At least 217 people, including 67 civilians, have reportedly been executed in and near Palmyra since IS seized the area
Palmyra's Roman Theatre dates back to the second century BC (WikiCommons)

The Islamic State militant group shot dead at least 20 men in the ruins of Syria's ancient city Palmyra on Wednesday, accusing them of fighting for the government, a monitor said.

"IS executed 20 men by firing on them in front of a crowd gathered in Palmyra's Roman theatre, after accusing them of fighting for the Syrian regime," Rami Abdel Rahman, head of the Syrian Observatory for Human Rights, told AFP.

"IS gathered a lot of people there on purpose, to show their force on the ground," Abdel Rahman said.

IS has carried out a string of atrocities including videotaped beheadings and mass killings, rape and enslavement in areas it controls in Syria and neighbouring Iraq.

Zainab Bangura, the United Nation's envoy on sexual violence, who has collected data on IS's sex crimes, told Middle East Eye that the group had taken atrocities to a whole new level.

"They are institutionalising sexual violence; the brutalisation of women and girls is central to their ideology," Bangura said. "Their tactic is to destroy individuals, communities, laws and society and build a medieval social order."

The executions in Palmyra's ruins, if confirmed, could signal the start of "the group's barbarism and savagery against the ancient monuments of Palmyra," Syrian antiquities director Mamoun Abdulkarim told AFP.

"Using the Roman theatre to execute people proves that these people are against humanity," he added. 
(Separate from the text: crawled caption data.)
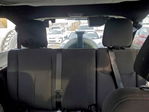 Jeep Wrangler 2014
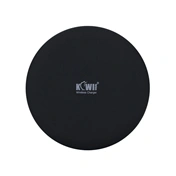 JJC Wireless Charger - Black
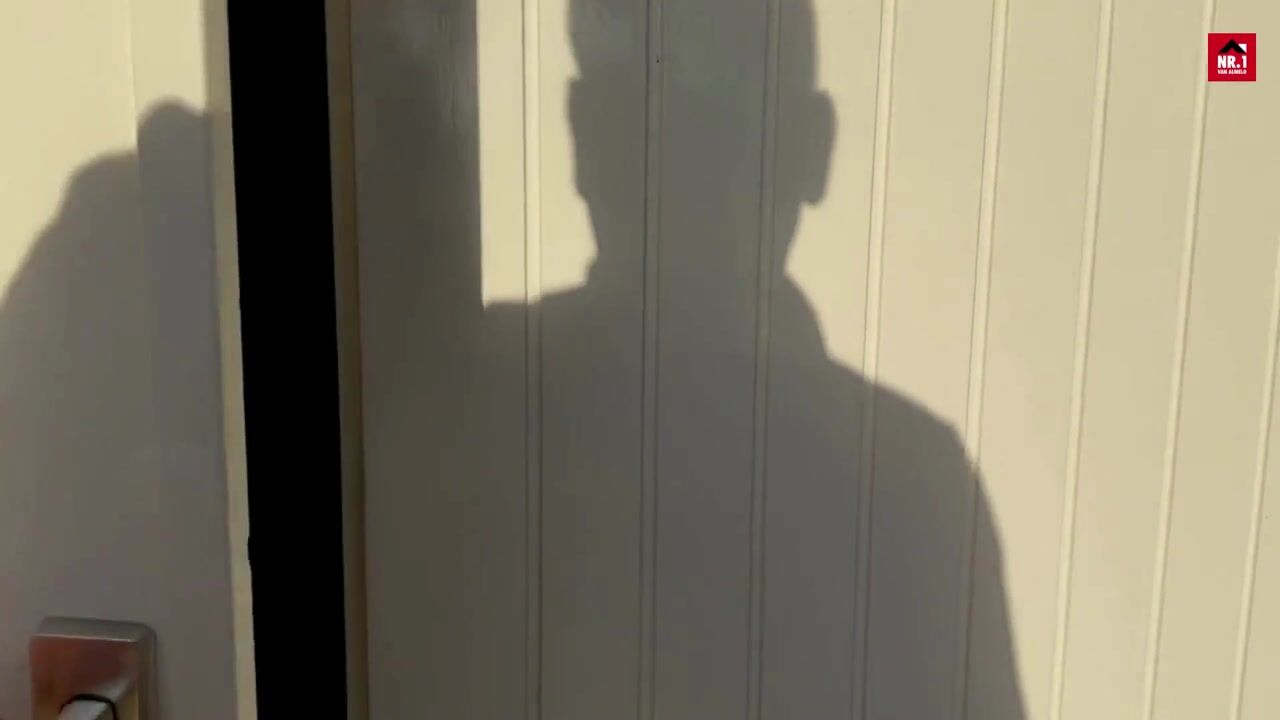 Video van Montfort 14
The group released an unverifiable video on Wednesday showing the ancient ruins intact and local activists told the Guardian that the group has promised to leave most of the site, only destroying statues "deemed polytheistic".
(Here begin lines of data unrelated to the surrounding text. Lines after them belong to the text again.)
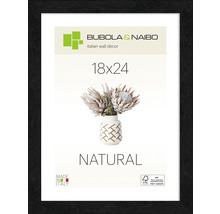 Bubola & Naibo Bilderrahmen 18x24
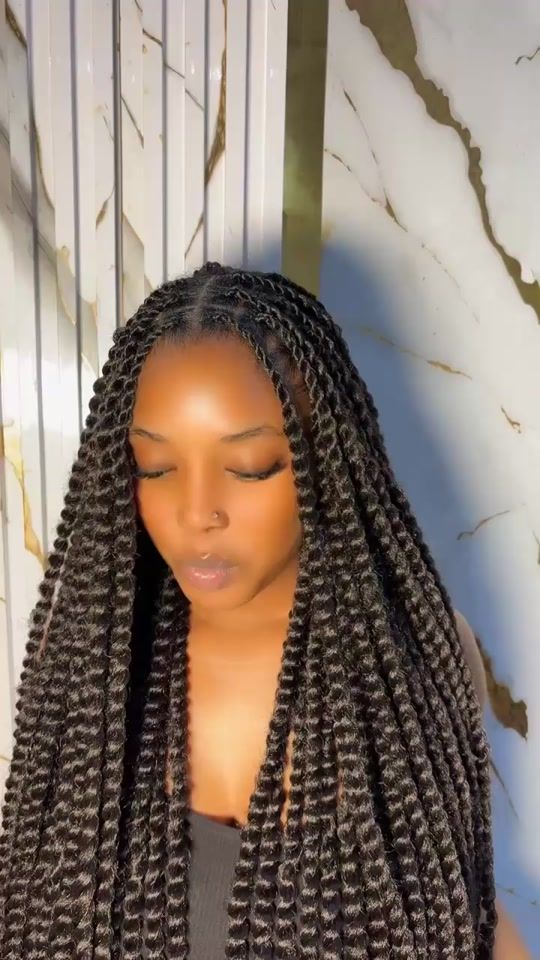 TikTok video thumbnail by babe__la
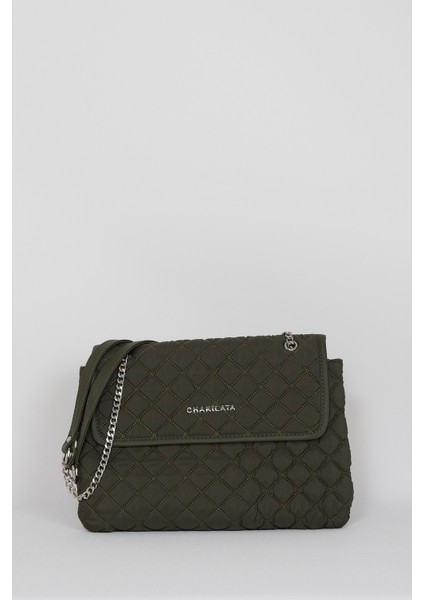 Daly Bag Hakı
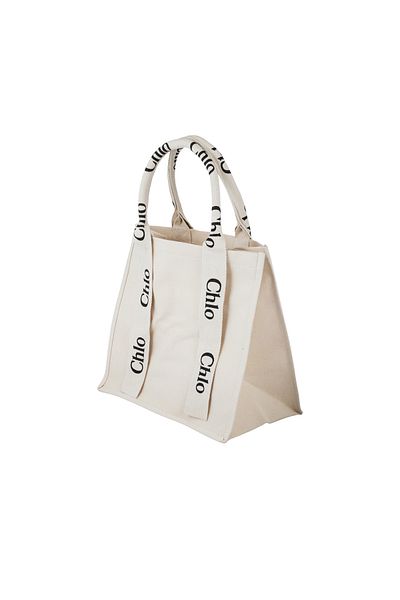 Dania Multi-purpose travel bag made of cotton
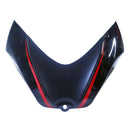 Injection Fairing Kit Bodywork Plastic ABS For Suzuki GSXR 600/750 2006-2007 K6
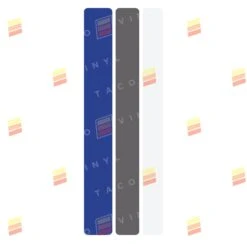 Medium Universal Stripes -Cali Raisedled Sale Store Bermuda Medium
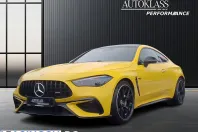 Mercedes-Benz CLE 53 AMG (Clasa CLE) din 2024 cu 5.196 km - oferta MER211957 - foto 1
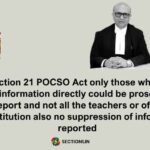 pocso case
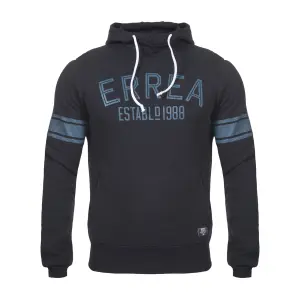 Bluza Errea aldous image-0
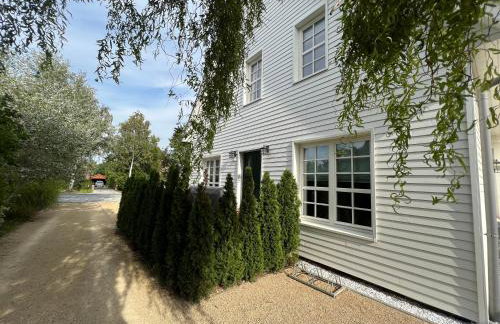 stilvolle Ferienwohnung Sweet Magnolia - Photo 37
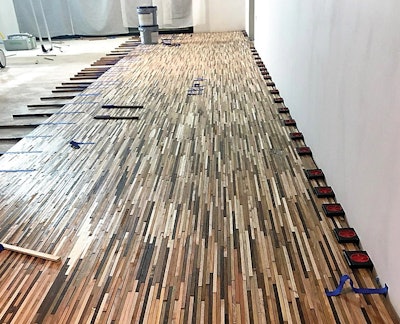 6 K 420 Wfb Am20 Da Winners Fino Img 20190113 Wa0006 Med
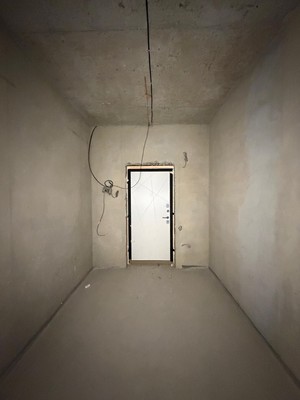Продам трехкомнатную (3-комн.) квартиру, ОДС ул, 3, Нальчик г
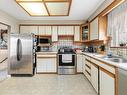 3481 Dieppe Drive, Vancouver, BC 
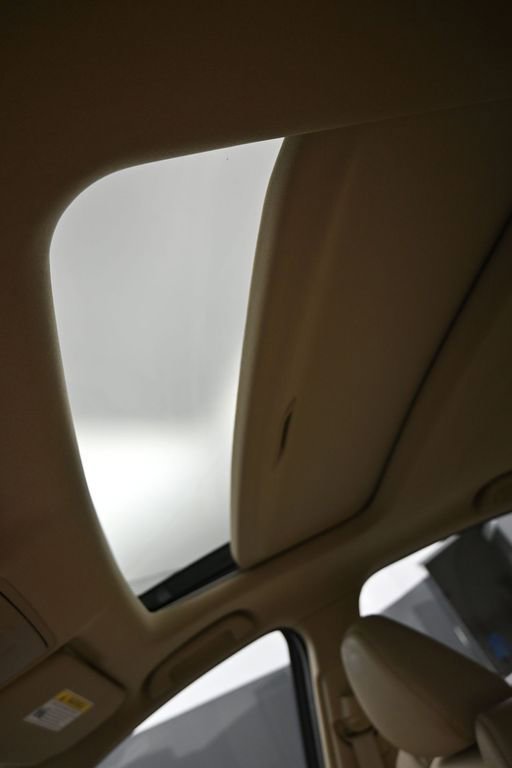 Certified 2020 Acura TLX FWD image 18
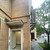 Продам коммерческое помещение 336 м2, Таганская ул, 31/22, Москва г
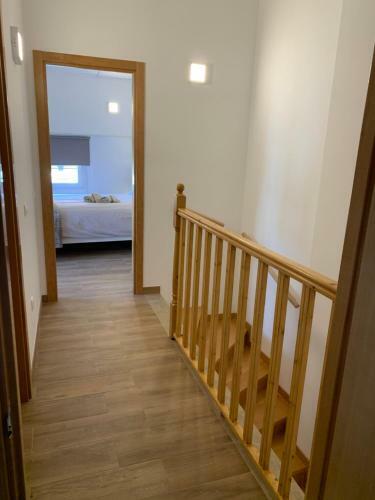 Apartaments Impro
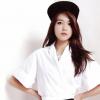 [SOOISM] 3 Questions for Fans... - last post by MikaelaRamos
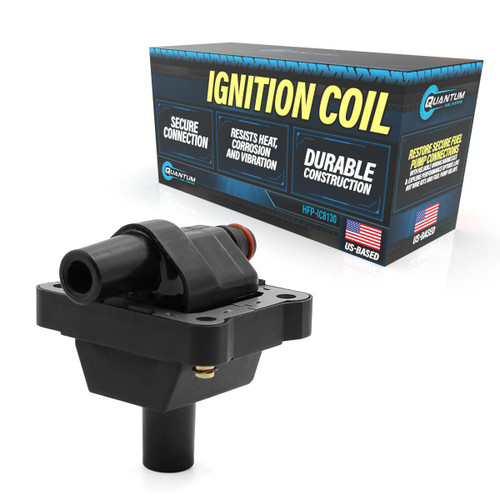 QFS Ignition Coil, HFP-IC8130 QFS 
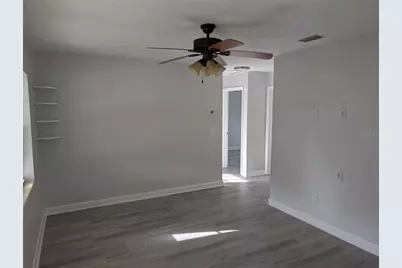2835 Dixie Road, Lakeland, FL 33801 - Photo 8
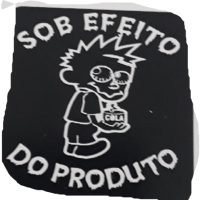 sticker image #19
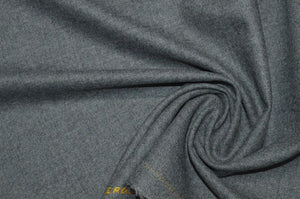 Pantalone Milly in lana Flanella vintagestyle anni 40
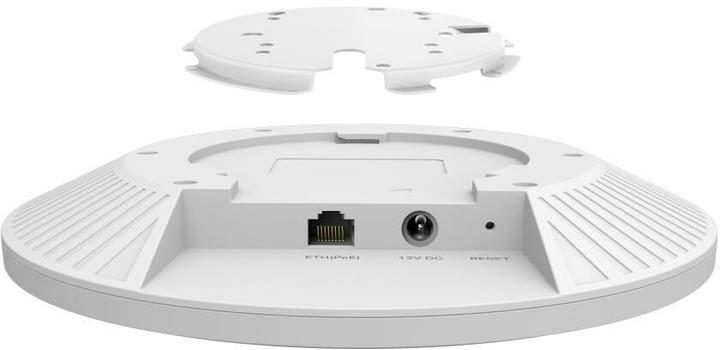 Produktbild TP-Link EAP683 UR (4804 Mbit/s)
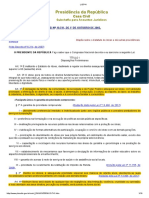 L10741 - Estatuto Do Idoso PDF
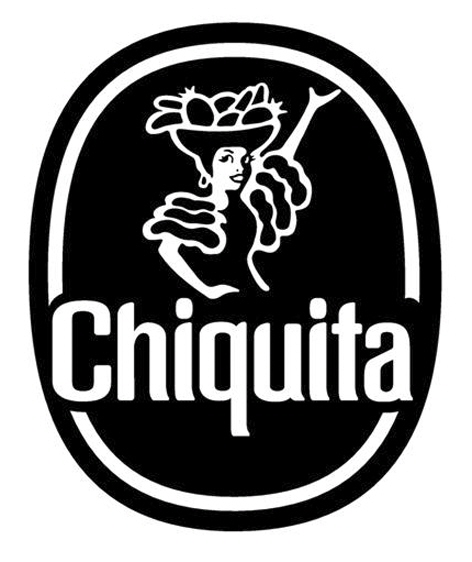 Chiquita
An anti-government Syrian radio station, Alwan FM, aired comments from an individual whom they identify as Abu Laith al-Saoudi, an IS military commander in Palmyra, who said the group would leave much of the area untouched. 

“Concerning the historic city, we will preserve it and it will not be harmed, God willing,” he said. “What we will do is break the idols that the infidels used to worship."

IS seized Palmyra, including its UNESCO world heritage site, on 21 May after a bloody assault that lasted nine days.

The Britain-based observatory said IS had since executed at least 217 people, including 67 civilians, in and around the city.

EU foreign policy chief Federica Mogherini warned last Thursday of potential war crimes in Palmyra.

Thousands of people "risk to be exposed to arbitrary violent actions and more destructions of cultural sites might be perpetrated," Mogherini said.

IS "mass killings and deliberate destruction of archaeological and cultural heritage in Syria and Iraq amount to a war crime according to the Rome Statute of the International Criminal Court," she said.